Las Vegas Sun

May 12, 2024

Last Castle’: Behind stars and bars

Geoff Carter's movie reviews appear Fridays in the Sun and vegas.com. Reach him at [email protected].

"So what happened to your dad?" asks Eugene Irwin (Robert Redford), formerly a general, now imprisoned for criminal neglect, of prison confidence man Yates (Mark Ruffalo). Yates' father served under Irwin -- as did many of the fathers of the men in the maximum-security military prison to which Irwin has been sentenced.

"He's dead," Yates says. "How?" Irwin asks, and Yates says grimly, "He came home."

In Frank Darabont's "The Shawshank Redemption," another very good film about the impact incarceration has on broken men, the characters speak of becoming "institutionalized" -- of coming to need the protection afforded by prison walls, of being so terrified of the outside world that they would fight not to be released.

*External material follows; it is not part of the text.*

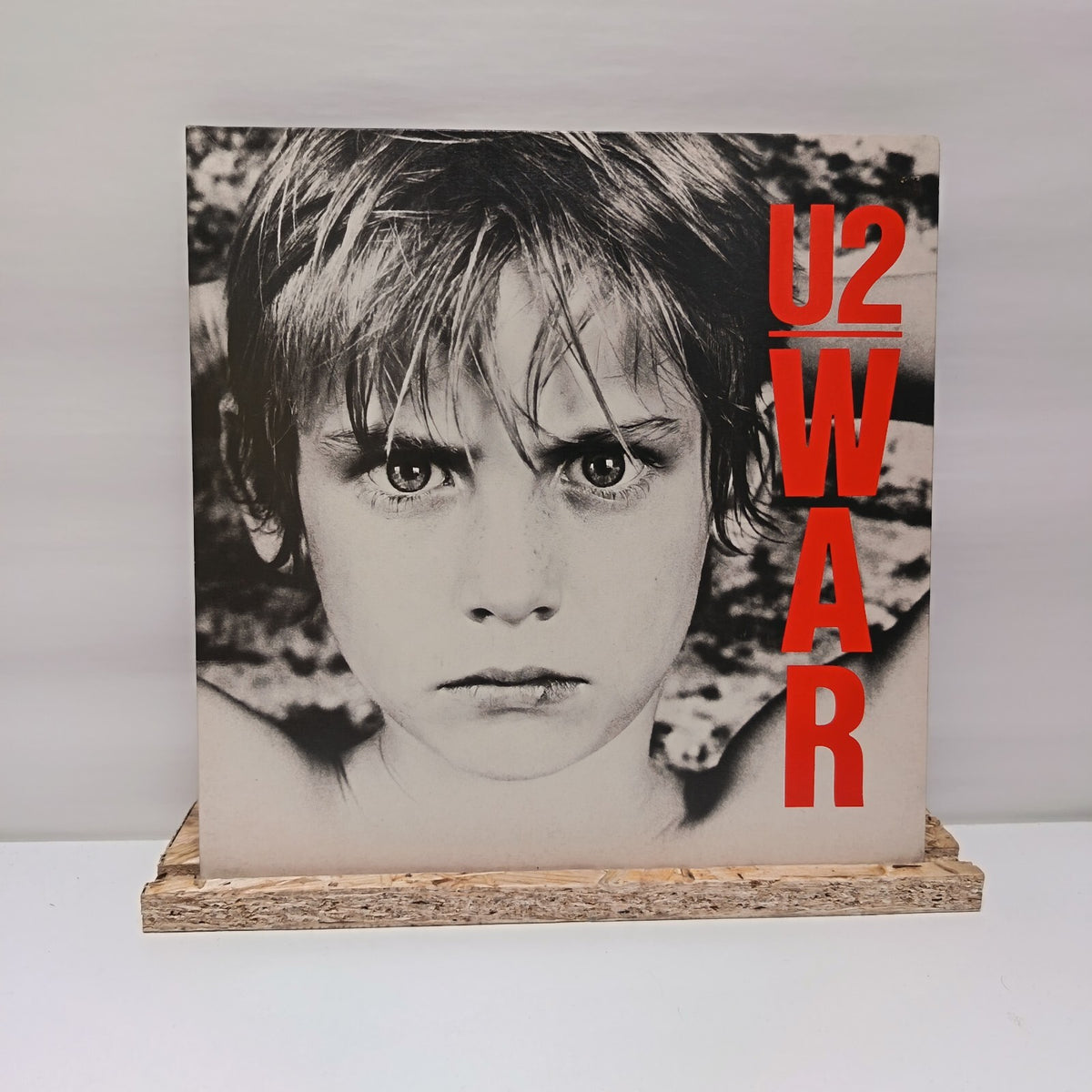 U2 war vinyl record EX/EX ILPS 9733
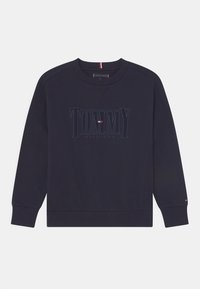 Mörkblå sweatshirt tillverkad av bomull, med en strukturerad "TOMMY HILFIGER"-logga i mörkblått, ribbade muddar och rund halsringning.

In "The Last Castle," the prisoners are already shaped by routine; years in the military have rendered prison as just another dead-end assignment. The inmates seem a moment away from asking, "How do I get outta this chicken outfit?"

Such is Irwin's mindset when he is brought to the Castle, with eight leadership-related deaths weighing on him. "What do you expect from your time here at the Castle?" asks the head of the facility, Colonel Winter (James Gandolfini, more soft-spoken than he's ever been). "Do my time; go home," Irwin says.

Winter admires Irwin, even after the General insults him and questions the way he runs the Castle; there have been several deaths on Winter's watch. "Look how easy it is to control men," Winter says after he starts a riot in the yard. "Someone should write a paper on it."

Before long, the back-and-forth turns bloody, as Winter tries to strip the inmates of the dignity and anger Irwin has stirred in them. But Winter still respects Irwin, and wants to best him in a manner that will win his admiration in return.

"What's to keep me from throwing you in (solitary confinement)?" he asks. "Nothing," Redford says with his patented twinkle, "if you want to win that way." The look of eagerness and fear on Gandolfini's face is a movie in itself.

As visualized by "The Contender's" Rod Lurie, "The Last Castle" is less a prison yarn and more "Patton" in a box. There are constant references to the strategy of chess, from literal close-ups of a chessboard to Winter's birds-eye view of the yard, where his pawns are playing his game for him. The inevitable skirmish is shot like combat footage, with quick cuts and a constantly moving camera.

The yard seems to stretch for miles; it's big enough for the inmates to build a makeshift battlement and for a combat helicopter to swoop around inside. These are the trenches, and welcome to them.

Even if the nation weren't completely upside down right now, "The Last Castle" would be a strange bird -- it asks you not only to respect, but to rally behind, a bunch of convicted felons. I leave it to you to form your own opinion of the men -- hard to do, as the script conveniently fails to tell you what most of the inmates did to get sent to the Castle -- and encourage you to marvel at the destruction of the institution.

I also leave it to you to figure out which institution is destroyed -- and whether these men could ever go home.